== Excerpted records ==
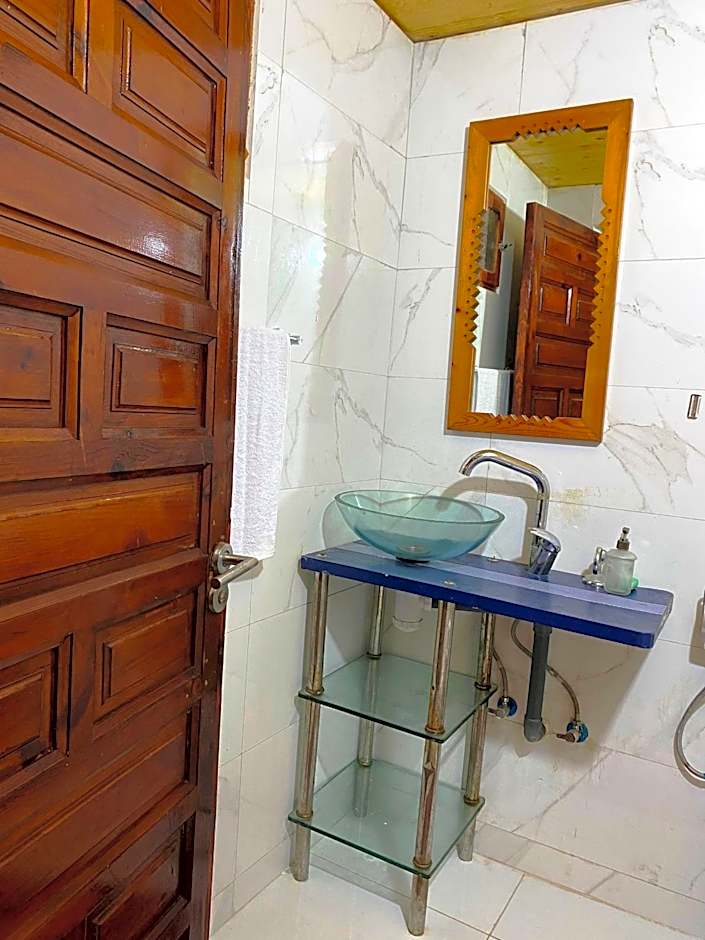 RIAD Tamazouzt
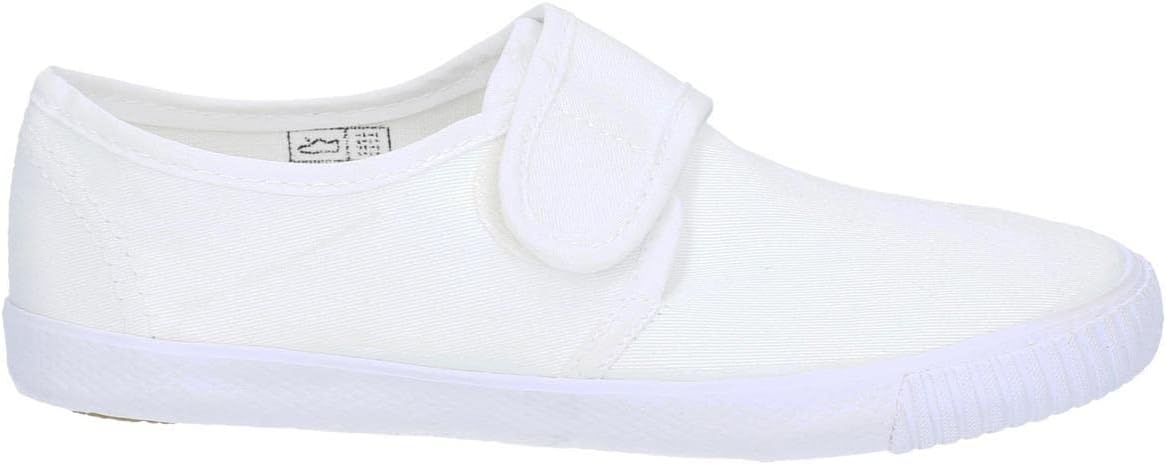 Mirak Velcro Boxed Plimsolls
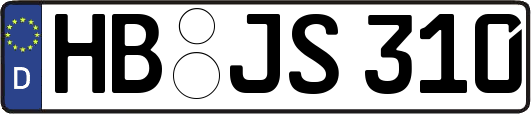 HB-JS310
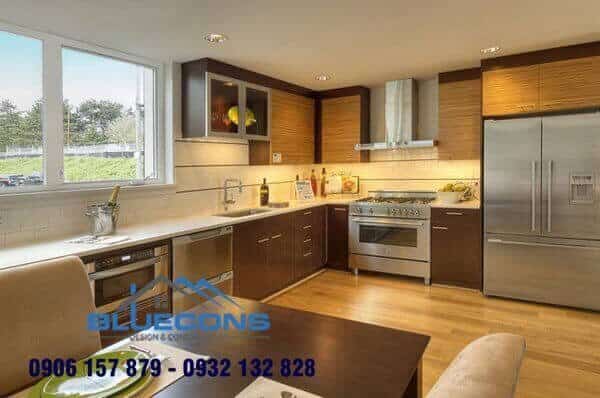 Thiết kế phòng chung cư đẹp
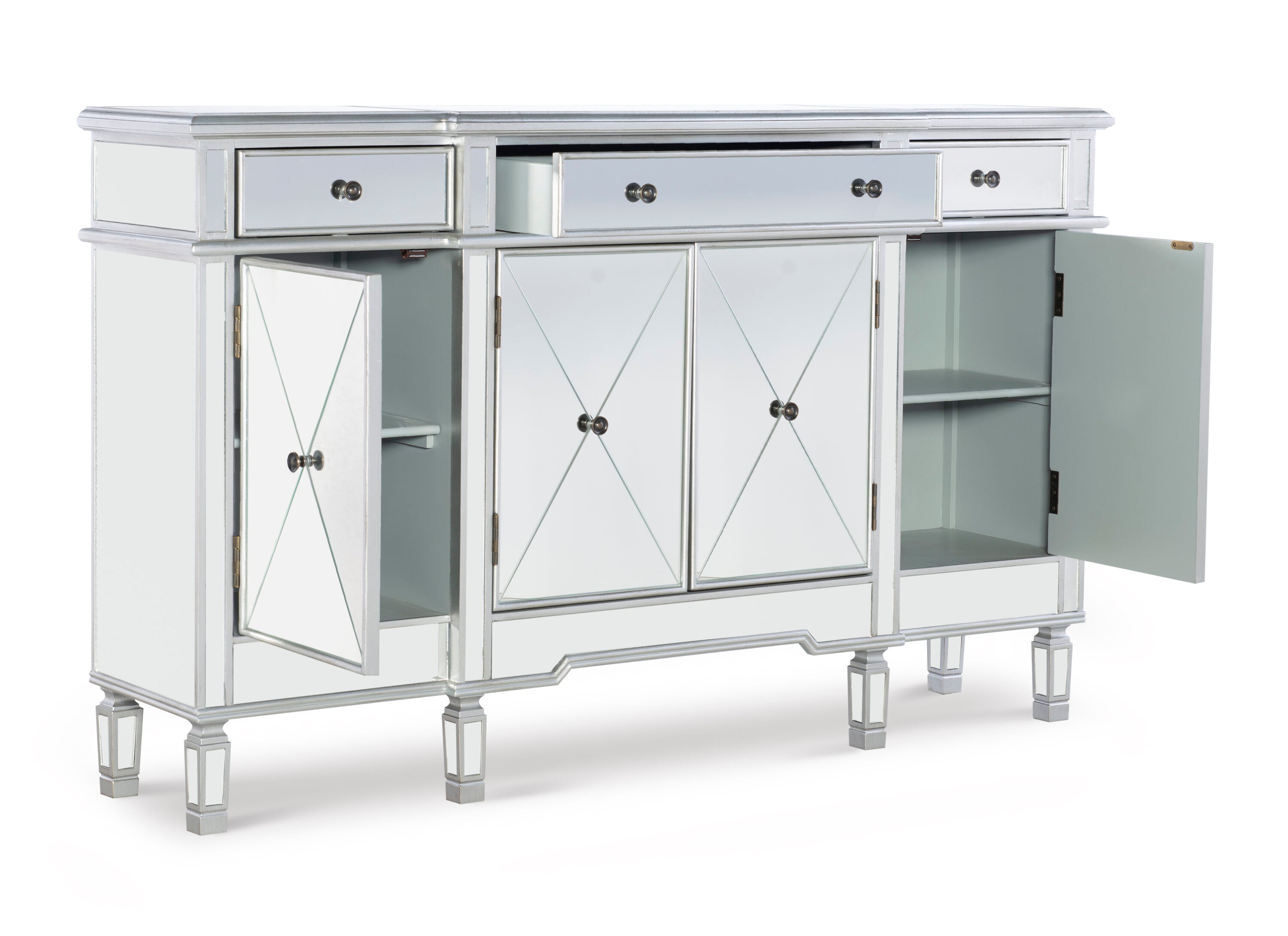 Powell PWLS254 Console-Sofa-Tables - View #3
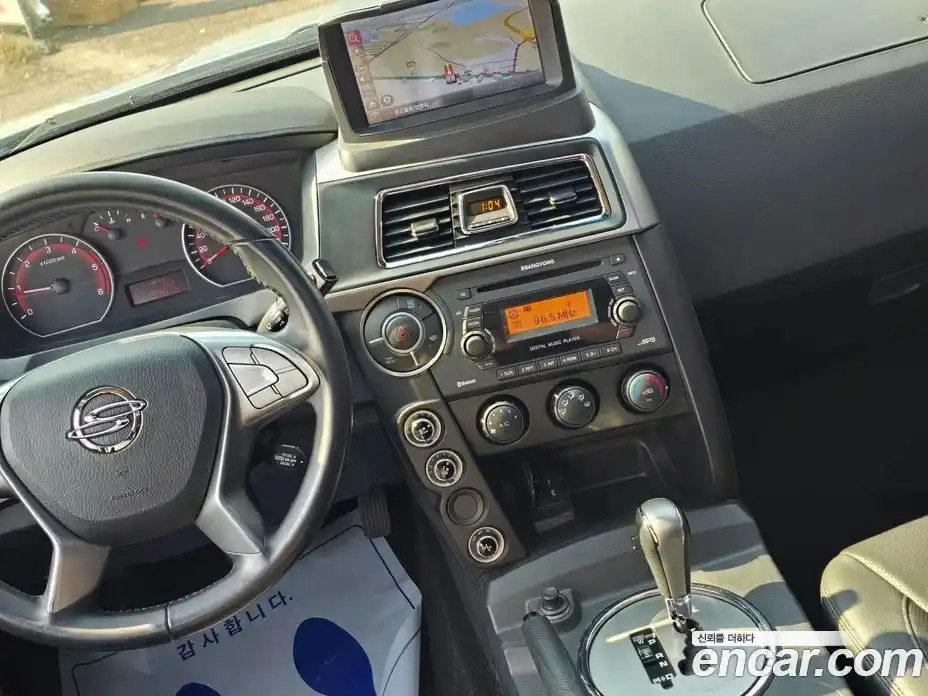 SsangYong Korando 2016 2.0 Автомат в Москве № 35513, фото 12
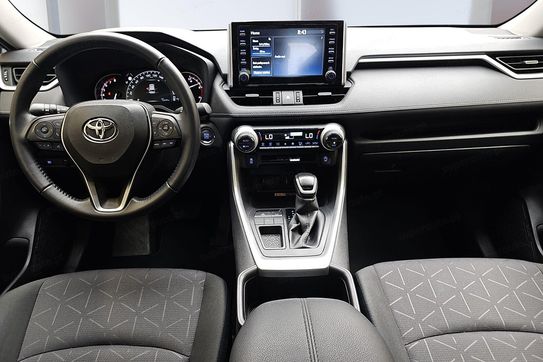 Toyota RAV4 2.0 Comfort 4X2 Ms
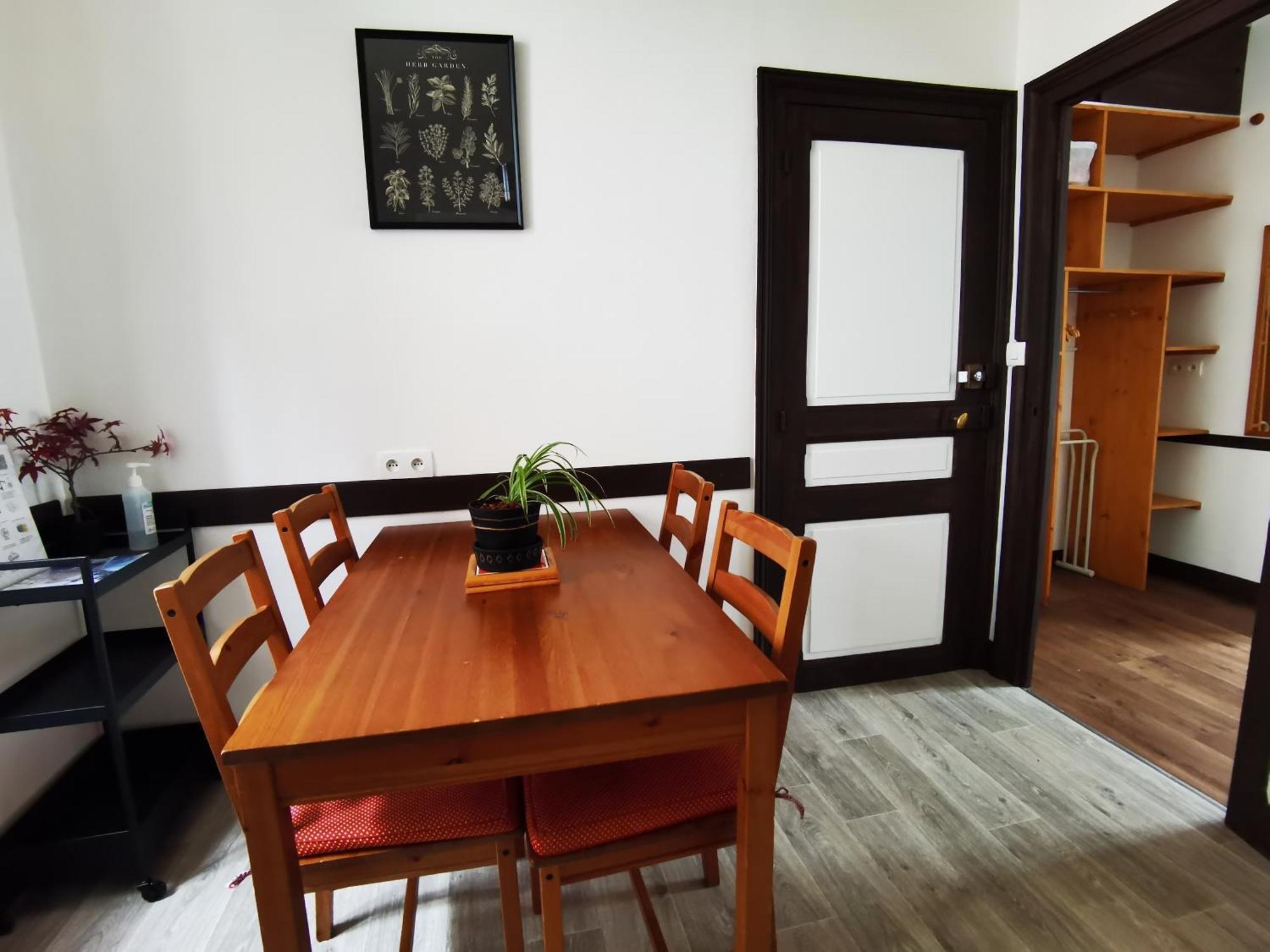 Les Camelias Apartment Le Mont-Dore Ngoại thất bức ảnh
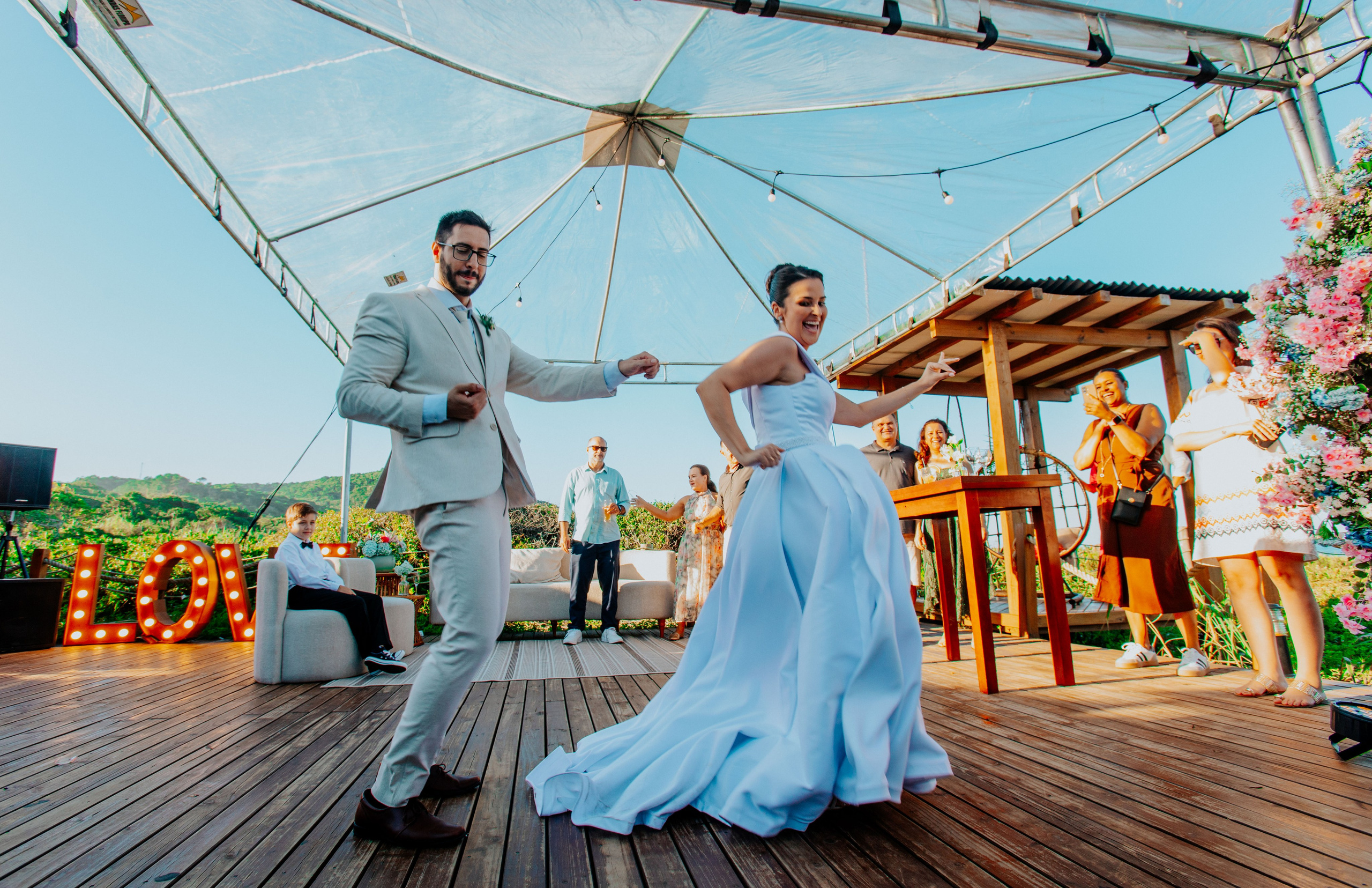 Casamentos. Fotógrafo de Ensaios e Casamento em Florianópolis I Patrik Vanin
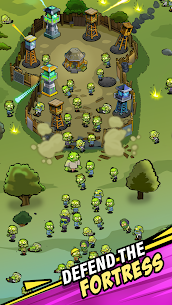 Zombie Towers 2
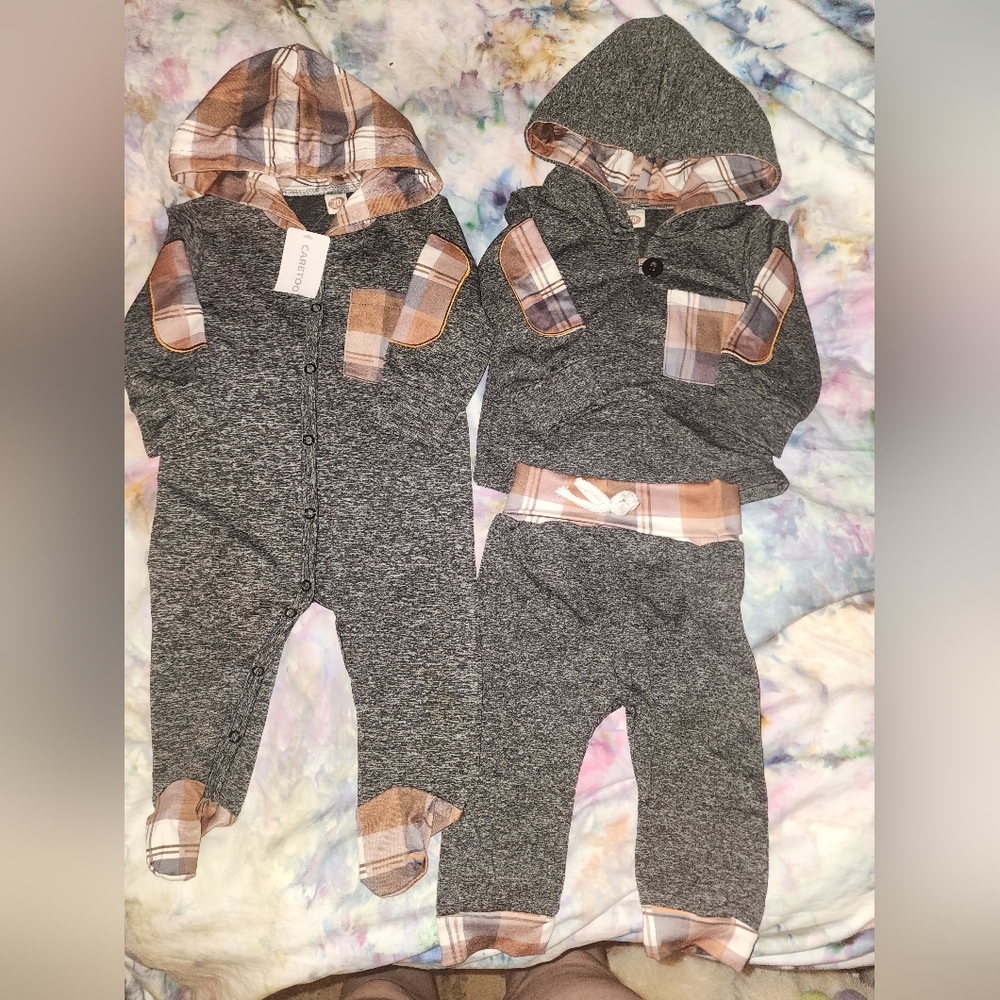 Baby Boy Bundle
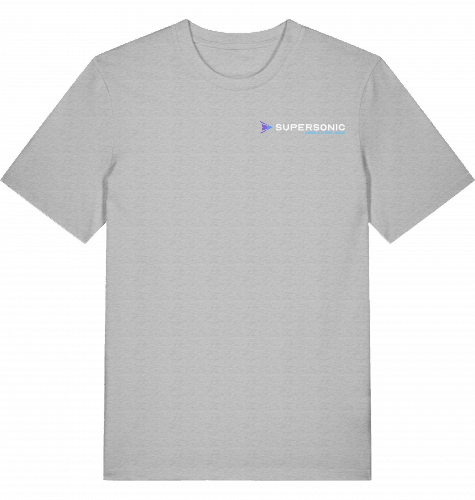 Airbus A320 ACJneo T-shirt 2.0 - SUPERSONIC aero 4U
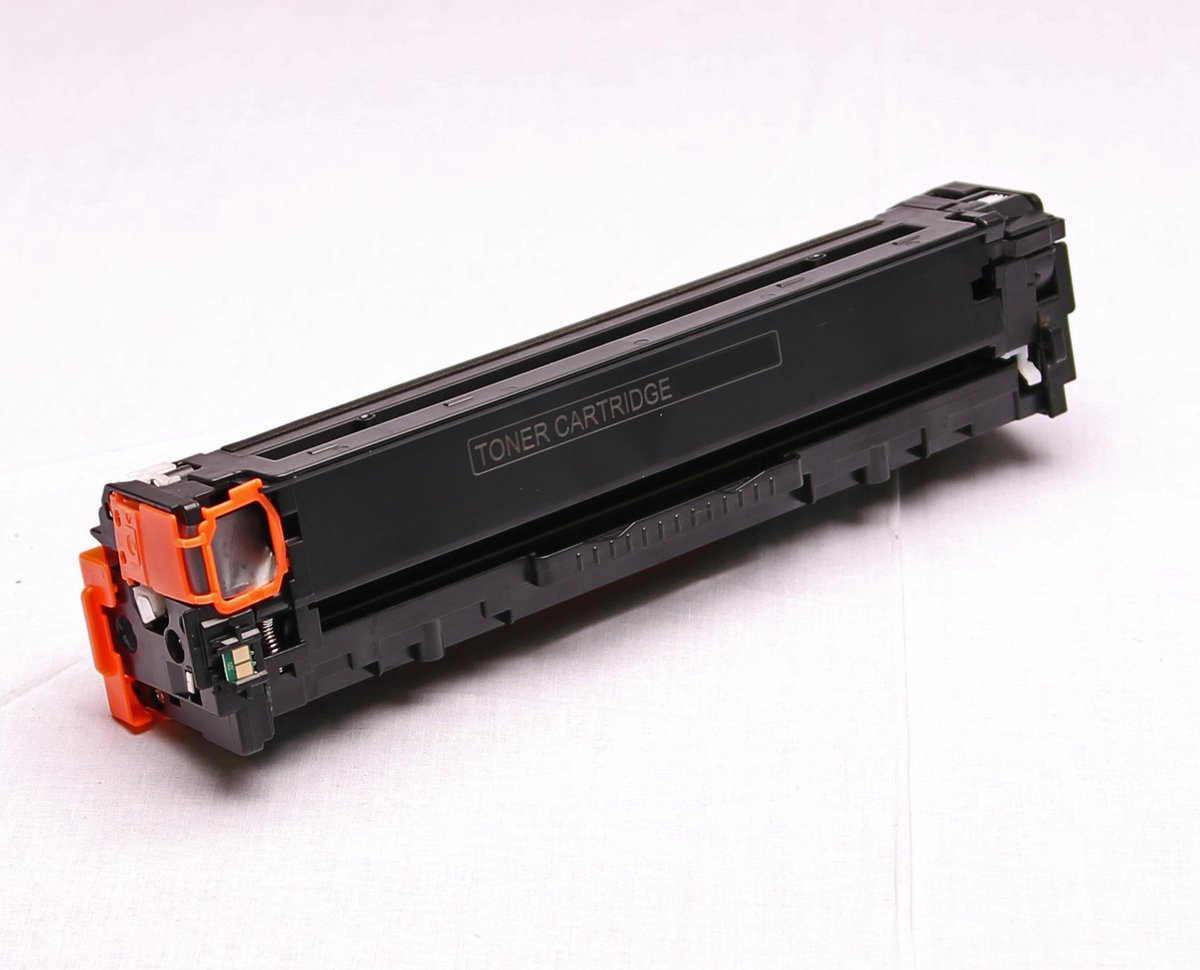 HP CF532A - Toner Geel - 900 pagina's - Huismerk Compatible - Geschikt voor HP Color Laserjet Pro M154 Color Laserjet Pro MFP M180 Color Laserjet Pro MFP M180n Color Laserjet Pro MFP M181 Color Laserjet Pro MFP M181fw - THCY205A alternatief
===
_How to complete this task:_
Output each entry verbatim; none of the pictures should be included.

_Solution to the problem:_
 RIAD Tamazouzt
 Mirak Velcro Boxed Plimsolls
 HB-JS310
 Thiết kế phòng chung cư đẹp
 Powell PWLS254 Console-Sofa-Tables - View #3
 SsangYong Korando 2016 2.0 Автомат в Москве № 35513, фото 12
 Toyota RAV4 2.0 Comfort 4X2 Ms
 Les Camelias Apartment Le Mont-Dore Ngoại thất bức ảnh
 Casamentos. Fotógrafo de Ensaios e Casamento em Florianópolis I Patrik Vanin
 Zombie Towers 2
 Baby Boy Bundle
 Airbus A320 ACJneo T-shirt 2.0 - SUPERSONIC aero 4U
 HP CF532A - Toner Geel - 900 pagina's - Huismerk Compatible - Geschikt voor HP Color Laserjet Pro M154 Color Laserjet Pro MFP M180 Color Laserjet Pro MFP M180n Color Laserjet Pro MFP M181 Color Laserjet Pro MFP M181fw - THCY205A alternatief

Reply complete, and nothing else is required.